Terrorism was clearly trending down globally as President Barack Obama took office, according to the University of Maryland’s Global Terrorism Database. But that desirable trend has reversed, and nowhere is the upswing in terror activity more glaring than here in the American homeland.
(Article by Jim Demint)
Since Sept. 11, 2001, at least 89 Islamist-related terrorist plots have been aimed at U.S. soil, according to a database maintained by the Heritage Foundation.
And both the number and frequency of plots have dramatically increased on Obama’s watch. Of the 89 plots, only 30 percent occurred in the Bush era (2001-2008). Fully 70 percent emerged under Obama, and the pace is quickening. Twenty-five plots have been uncovered since the start of last year. And terrorists have launched five successful attacks since July 2015.
While plots are proliferating, there is less diversity in who is behind them. Of the 25 most recent plots, 21 are connected to the Islamic State. And unlike the 9/11 attacks — organized from abroad and conducted by foreigners — the vast majority of plotters are now being recruited and inspired right here in the homeland. Seventy-eight of the post 9/11 plots involved a homegrown element.

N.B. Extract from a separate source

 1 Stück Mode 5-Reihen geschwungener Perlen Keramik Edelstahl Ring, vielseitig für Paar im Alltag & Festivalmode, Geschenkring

Of course, no one is to blame for terrorism other than the terrorists. The growth of the terrorist threat is largely attributable to deteriorating stability in the Middle East arising from post-Arab Spring economic and political chaos, a deepening Sunni-Shiite divide, and constant meddling by Iran. Yet the dramatic uptick and transformation of the threat also can be traced at least partly to a gap created by the Obama administration — a gap that the terrorists were only too happy to fill.
In 2011, the administration published its new counterterrorism strategy. The guidelines reflected changes the president had implemented at least a year earlier. The strategy was clear: Obama looked to withdraw from Iraq and Afghanistan and to de-emphasize most aspects of the global war on terror except for drone and special operations focused on coreal-Qaida leadership.
The decision to “lead from behind” for most of the war on terror helped create massive new space for terrorism activity. In addition to the botched withdrawal from Iraq, the absence of a post-conflict counterterrorism plan in Libya (following the 2011 ouster of Moammar Gadhafi) opened the gates to a dramatic expansion of Islamist terrorist activity throughout North Africa.